4. The examples and utilities

The zip file of examples contains a couple of validatable documents in xml, the samples used in this manual, and two utility modules: one for benchmarking and one for navigating through tuple trees.

4.1 Benchmarking

benchmarks.py is a script aiming to compare performance of various parsers. We include it to make our results reproducable. It is not a work of art and if you think you can make it fairer or better, tell us how! Here’s an example run.

> python benchmarks.py
Interactive benchmark suite for Python XML tree-parsers.
Using sample XML file 444220 bytes long
Parsers available:
    1.  pyRXP
    2.  pyRXP_nonvalidating
    3.  rparsexml
    4.  expat
    5.  minidom
    6.  msxml30
    7.  4dom
    8.  cdomlette
Parser number (or x to exit) > 1
Shall we do memory tests?  i.e. you look at Task Manager? y/n > y
testing pyRXP
Pre-parsing: please input python process memory in kb > 5104
Post-parsing: please input python process memory in kb > 10752
counted 12618 tags, 8157 attributes
pyRXP: init 0.0000, parse 0.0300, traverse 0.0200, mem used 5648kb, mem factor 13.02

Instead of the traditional example (hamlet), we took as our example an early version of the Report Markup Language user guide, which is about half a megabyte. Hamlet’s XML has almost no attributes; ours contains lots of attributes, many of which will need conversion to numbers one day, and so it provides a more rounded basis for benchmarks

We measure several factors. First there is speed. Obviously this depends on your PC. The script exits after each test so you get a clean process. We measure (a) the time to load the parser and any code it needs into memory (important if doing CGI); (b) time to produce the tree, using whatever the parser natively produces; and (c) time to traverse the tree counting the number of tags and attributes. Note, (c) might be important with a ‘very lazy’ parser which searched the source text on every request. Also, later on we will be able to look at the difference between traversing a raw tuple tree and some objects with friendlier syntax.

Next is memory. Actually you have to measure that! If anyone can give us the API calls on Windows and other platforms to find out the current process size, we’d be grateful! What we are interested in is how big the structure is in memory. The above shows that the memory allocated is 9.86 times as big as the original XML text. That sounds a lot, but it’s actually much less than most DOM parsers.

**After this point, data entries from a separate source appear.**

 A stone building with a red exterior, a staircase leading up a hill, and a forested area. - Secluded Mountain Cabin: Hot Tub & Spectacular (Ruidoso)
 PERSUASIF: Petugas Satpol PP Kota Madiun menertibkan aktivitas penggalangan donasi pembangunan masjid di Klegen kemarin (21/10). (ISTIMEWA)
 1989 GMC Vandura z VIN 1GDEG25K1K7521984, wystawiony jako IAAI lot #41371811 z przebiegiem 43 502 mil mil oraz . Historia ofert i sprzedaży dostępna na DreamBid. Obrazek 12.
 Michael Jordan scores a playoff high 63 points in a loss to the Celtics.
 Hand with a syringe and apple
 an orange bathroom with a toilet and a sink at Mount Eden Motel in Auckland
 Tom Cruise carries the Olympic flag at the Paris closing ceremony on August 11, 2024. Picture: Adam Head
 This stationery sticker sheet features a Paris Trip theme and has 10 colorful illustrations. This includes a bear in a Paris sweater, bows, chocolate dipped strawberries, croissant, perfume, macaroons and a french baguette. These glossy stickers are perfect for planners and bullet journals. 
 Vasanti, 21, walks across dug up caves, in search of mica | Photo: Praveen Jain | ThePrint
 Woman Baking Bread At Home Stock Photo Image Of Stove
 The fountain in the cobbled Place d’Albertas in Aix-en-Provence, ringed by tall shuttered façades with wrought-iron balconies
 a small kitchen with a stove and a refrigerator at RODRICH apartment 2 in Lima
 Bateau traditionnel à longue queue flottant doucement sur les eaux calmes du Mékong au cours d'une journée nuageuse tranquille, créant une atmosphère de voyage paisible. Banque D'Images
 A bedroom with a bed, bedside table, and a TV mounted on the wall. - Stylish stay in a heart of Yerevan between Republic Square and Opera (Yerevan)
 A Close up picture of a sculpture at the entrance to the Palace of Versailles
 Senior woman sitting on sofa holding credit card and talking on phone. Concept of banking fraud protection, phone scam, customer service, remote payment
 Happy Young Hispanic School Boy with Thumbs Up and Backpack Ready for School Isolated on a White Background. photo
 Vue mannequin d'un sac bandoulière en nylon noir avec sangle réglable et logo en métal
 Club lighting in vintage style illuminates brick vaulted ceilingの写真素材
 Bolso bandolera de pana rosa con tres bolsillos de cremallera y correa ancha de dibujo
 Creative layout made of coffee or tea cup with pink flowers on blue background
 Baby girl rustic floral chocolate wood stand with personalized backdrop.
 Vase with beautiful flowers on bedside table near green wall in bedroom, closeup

By contrast, here’s the result for the minidom parser included in the official Python distro:

minidom: init 0.0100, parse 0.2600, traverse 0.0000, mem used 47320kb, mem factor 109.08

Even though minidom uses pyexpat (which is in C) to parse the XML, it’s several times slower and uses 8 times more memory. And of course it does not validate.

4.2 xmlutils and the TagWrapper

Finally, we’ve included a ‘tag wrapper’ class which makes it easy to navigate around the tuple tree. This is randomly selected from many such modules we have used in various projects; the next task for us is to pick ONE and publish it! Essentially, it uses lazy evaluation to try and figure out which part of the XML you want. If you ask for ‘tag.spam’, it will check if (a) there is an attribute called spam, or (b) if there is a child tag whose tag name is ‘spam’. And you can iterate over child nodes as a sequence. And, the str() method of a tag which just contains text is just the text. The snippets below should make it clear what we are doing.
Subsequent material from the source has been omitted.